━━━ DATA PROVIDED ━━━

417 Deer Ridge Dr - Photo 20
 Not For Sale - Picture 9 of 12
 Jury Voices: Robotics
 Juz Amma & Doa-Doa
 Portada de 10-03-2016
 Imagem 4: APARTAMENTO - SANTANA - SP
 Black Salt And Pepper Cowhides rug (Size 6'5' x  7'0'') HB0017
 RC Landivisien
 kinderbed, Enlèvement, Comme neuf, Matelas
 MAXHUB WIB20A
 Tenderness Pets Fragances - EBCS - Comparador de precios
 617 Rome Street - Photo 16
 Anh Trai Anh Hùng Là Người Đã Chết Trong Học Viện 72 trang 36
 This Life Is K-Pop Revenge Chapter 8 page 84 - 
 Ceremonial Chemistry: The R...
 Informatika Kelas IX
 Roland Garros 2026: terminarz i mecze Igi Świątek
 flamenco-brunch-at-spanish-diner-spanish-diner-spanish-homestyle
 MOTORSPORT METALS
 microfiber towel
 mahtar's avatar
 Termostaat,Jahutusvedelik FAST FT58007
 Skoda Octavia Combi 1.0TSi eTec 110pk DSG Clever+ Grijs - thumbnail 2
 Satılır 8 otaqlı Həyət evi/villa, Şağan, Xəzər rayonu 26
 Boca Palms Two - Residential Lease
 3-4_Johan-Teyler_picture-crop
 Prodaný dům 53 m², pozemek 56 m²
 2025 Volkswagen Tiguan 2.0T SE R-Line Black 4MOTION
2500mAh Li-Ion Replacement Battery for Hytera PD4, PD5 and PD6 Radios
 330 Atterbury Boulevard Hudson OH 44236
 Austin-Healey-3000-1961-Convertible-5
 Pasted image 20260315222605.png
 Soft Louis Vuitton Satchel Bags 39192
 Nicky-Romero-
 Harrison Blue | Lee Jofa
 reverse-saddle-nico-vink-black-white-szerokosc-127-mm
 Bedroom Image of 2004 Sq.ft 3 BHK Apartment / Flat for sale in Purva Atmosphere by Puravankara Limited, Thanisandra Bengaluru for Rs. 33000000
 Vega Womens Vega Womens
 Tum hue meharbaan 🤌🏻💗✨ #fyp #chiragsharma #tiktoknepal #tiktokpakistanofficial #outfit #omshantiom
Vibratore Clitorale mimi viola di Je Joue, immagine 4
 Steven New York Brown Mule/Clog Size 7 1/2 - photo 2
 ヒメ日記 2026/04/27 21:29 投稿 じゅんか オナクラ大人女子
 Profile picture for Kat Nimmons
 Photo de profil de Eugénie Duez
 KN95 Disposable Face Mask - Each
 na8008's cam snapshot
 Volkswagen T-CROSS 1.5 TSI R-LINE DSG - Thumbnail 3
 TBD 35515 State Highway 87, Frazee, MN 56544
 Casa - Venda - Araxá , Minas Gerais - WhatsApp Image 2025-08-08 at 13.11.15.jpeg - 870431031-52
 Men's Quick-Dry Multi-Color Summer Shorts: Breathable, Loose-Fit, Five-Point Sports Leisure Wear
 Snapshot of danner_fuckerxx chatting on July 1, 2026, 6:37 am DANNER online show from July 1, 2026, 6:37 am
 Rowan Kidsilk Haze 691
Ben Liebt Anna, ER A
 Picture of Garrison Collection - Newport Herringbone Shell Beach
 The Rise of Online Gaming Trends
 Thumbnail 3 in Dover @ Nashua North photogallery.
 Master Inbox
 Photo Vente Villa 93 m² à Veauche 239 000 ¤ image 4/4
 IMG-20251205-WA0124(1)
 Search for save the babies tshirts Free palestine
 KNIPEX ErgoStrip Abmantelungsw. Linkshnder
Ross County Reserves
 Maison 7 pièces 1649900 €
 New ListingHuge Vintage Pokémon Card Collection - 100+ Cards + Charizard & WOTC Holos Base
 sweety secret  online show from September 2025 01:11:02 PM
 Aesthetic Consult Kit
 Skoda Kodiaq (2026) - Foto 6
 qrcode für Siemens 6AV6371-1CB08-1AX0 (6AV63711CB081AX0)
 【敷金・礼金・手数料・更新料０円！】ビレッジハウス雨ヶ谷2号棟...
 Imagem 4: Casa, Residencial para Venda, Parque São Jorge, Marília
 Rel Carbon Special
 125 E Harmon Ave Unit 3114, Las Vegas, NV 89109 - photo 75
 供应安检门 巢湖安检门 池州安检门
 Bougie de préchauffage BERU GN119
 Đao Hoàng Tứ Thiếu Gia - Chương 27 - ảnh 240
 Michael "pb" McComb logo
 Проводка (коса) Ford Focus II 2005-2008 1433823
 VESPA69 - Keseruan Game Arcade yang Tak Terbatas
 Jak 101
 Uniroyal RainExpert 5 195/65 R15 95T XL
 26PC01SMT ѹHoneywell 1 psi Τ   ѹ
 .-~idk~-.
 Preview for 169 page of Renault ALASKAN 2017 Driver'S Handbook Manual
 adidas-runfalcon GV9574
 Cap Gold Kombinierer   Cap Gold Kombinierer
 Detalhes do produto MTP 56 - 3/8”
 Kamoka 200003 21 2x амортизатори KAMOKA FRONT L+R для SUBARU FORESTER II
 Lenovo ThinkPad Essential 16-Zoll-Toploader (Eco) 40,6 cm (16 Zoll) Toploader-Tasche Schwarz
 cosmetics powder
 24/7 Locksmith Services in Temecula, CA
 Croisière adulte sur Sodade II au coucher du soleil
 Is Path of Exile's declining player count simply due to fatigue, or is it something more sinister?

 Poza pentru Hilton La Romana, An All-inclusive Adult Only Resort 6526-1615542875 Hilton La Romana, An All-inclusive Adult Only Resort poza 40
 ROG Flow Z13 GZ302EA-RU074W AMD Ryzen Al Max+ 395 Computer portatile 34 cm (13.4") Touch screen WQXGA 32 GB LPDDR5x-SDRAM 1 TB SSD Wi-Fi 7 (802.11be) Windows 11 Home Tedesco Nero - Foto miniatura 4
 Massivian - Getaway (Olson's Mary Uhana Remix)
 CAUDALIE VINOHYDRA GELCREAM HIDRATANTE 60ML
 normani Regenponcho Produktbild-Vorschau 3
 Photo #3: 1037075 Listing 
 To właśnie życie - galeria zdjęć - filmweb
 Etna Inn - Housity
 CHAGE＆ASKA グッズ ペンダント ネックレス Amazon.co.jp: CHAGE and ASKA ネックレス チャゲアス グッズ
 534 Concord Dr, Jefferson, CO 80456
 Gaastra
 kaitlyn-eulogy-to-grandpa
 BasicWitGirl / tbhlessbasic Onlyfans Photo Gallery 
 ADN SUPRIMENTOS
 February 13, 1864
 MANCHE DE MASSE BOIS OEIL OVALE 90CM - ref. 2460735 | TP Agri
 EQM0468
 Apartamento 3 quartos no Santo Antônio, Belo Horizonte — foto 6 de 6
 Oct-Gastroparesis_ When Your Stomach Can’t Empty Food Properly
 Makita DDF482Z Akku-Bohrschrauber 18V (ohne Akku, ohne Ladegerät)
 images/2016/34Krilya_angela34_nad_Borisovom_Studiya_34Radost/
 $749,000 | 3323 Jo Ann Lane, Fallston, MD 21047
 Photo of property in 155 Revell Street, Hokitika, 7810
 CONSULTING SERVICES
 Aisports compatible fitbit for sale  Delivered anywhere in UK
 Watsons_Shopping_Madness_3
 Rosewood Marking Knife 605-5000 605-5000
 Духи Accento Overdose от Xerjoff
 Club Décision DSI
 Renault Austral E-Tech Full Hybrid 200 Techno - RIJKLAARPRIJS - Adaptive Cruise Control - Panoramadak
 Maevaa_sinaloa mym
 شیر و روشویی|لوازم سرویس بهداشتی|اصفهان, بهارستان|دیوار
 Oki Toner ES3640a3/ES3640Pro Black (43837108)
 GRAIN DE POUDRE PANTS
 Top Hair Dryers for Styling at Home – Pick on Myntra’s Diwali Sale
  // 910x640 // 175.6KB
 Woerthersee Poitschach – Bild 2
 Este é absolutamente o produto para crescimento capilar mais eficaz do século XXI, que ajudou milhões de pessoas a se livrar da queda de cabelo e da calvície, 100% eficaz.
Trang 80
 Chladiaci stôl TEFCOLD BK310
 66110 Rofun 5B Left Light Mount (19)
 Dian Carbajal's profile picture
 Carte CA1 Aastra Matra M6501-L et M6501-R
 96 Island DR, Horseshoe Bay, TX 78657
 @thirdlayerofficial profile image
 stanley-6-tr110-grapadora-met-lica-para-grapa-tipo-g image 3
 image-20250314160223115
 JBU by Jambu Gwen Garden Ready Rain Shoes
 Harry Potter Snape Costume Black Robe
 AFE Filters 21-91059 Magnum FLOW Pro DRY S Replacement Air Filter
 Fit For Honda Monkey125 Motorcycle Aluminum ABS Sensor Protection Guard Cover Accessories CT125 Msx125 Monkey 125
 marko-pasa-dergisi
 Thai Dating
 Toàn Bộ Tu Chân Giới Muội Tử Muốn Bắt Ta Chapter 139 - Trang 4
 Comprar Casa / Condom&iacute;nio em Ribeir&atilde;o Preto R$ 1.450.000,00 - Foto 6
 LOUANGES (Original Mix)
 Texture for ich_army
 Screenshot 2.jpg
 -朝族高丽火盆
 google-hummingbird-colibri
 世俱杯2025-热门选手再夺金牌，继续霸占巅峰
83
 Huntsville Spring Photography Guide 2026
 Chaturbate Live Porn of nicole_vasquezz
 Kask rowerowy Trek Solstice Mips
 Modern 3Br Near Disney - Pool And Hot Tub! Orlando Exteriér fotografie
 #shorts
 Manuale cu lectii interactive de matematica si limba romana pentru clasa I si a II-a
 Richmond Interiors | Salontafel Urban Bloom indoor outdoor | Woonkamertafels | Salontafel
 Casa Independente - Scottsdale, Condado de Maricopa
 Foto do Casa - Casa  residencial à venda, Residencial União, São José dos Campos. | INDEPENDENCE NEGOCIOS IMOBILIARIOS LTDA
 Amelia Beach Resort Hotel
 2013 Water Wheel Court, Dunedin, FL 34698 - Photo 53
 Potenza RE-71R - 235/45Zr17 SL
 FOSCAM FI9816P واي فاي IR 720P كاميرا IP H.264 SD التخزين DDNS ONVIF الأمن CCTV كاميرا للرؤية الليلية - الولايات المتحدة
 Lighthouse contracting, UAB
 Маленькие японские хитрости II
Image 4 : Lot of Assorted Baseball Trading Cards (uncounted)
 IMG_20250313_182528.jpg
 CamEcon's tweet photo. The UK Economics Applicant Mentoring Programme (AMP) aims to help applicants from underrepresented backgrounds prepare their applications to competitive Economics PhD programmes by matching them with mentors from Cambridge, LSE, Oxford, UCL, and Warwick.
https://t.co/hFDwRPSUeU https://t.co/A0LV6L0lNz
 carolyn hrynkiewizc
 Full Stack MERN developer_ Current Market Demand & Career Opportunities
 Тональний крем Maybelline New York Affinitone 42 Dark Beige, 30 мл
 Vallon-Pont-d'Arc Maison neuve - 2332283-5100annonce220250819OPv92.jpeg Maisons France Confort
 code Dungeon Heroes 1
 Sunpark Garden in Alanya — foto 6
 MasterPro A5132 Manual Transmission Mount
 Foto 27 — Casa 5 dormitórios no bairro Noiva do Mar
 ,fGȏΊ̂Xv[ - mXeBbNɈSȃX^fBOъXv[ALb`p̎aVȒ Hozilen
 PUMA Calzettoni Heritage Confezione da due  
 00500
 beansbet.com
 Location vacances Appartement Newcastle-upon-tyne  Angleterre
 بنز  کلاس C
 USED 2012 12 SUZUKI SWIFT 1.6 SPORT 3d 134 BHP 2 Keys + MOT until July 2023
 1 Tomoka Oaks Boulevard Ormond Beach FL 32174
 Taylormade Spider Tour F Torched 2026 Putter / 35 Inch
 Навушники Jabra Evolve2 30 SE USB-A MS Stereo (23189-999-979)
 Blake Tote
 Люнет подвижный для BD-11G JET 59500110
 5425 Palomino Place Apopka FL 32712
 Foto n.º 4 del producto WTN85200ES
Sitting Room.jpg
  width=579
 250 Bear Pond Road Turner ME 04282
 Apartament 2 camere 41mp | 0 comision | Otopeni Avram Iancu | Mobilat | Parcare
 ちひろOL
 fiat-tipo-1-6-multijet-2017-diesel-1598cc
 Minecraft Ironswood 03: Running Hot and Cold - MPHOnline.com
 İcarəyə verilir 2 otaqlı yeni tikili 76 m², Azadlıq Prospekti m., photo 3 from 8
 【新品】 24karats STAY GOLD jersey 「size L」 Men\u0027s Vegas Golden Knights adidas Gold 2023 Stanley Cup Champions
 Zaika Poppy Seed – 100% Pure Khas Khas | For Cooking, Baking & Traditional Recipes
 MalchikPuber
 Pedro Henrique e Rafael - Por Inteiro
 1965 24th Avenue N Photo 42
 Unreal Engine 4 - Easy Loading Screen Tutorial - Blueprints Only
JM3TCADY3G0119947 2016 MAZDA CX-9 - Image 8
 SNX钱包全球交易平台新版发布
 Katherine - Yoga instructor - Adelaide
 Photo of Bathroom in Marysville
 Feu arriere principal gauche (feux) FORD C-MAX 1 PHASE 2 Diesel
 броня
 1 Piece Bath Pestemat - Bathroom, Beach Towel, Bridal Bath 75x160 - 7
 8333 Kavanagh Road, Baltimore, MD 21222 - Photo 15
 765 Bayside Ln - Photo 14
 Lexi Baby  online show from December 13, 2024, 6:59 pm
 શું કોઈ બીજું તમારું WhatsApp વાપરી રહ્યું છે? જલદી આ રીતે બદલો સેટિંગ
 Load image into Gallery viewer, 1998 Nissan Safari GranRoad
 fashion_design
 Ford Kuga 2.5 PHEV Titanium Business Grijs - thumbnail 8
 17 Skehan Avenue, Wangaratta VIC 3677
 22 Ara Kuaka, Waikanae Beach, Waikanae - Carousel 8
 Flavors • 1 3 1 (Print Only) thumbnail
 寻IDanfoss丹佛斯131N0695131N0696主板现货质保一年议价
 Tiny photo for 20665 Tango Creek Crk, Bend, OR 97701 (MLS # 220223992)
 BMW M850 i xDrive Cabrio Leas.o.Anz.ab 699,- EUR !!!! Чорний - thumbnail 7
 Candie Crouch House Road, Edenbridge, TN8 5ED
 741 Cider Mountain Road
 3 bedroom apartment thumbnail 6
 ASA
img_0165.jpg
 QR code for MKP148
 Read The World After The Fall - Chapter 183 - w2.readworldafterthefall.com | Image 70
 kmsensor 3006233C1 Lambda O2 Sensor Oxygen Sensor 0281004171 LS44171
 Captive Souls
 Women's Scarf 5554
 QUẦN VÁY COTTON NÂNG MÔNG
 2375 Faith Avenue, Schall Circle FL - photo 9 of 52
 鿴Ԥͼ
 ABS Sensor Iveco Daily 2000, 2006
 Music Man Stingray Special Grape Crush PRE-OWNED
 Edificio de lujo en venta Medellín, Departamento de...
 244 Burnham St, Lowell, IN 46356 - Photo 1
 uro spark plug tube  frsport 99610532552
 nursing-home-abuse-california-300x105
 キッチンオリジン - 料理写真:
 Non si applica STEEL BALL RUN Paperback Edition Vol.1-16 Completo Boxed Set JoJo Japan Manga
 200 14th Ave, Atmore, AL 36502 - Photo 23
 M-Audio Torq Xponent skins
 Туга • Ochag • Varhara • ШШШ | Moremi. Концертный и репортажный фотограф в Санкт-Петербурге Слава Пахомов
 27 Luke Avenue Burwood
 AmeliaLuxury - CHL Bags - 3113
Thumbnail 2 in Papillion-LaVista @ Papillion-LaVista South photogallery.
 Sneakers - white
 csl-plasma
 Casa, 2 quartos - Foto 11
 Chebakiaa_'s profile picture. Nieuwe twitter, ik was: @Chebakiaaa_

━━━

*WHAT IS BEING ASKED*.
Every line above in which the word "Cards" occurs needs to be copied.

*EXPECTED ANSWER*.
 New ListingHuge Vintage Pokémon Card Collection - 100+ Cards + Charizard & WOTC Holos Base
Image 4 : Lot of Assorted Baseball Trading Cards (uncounted)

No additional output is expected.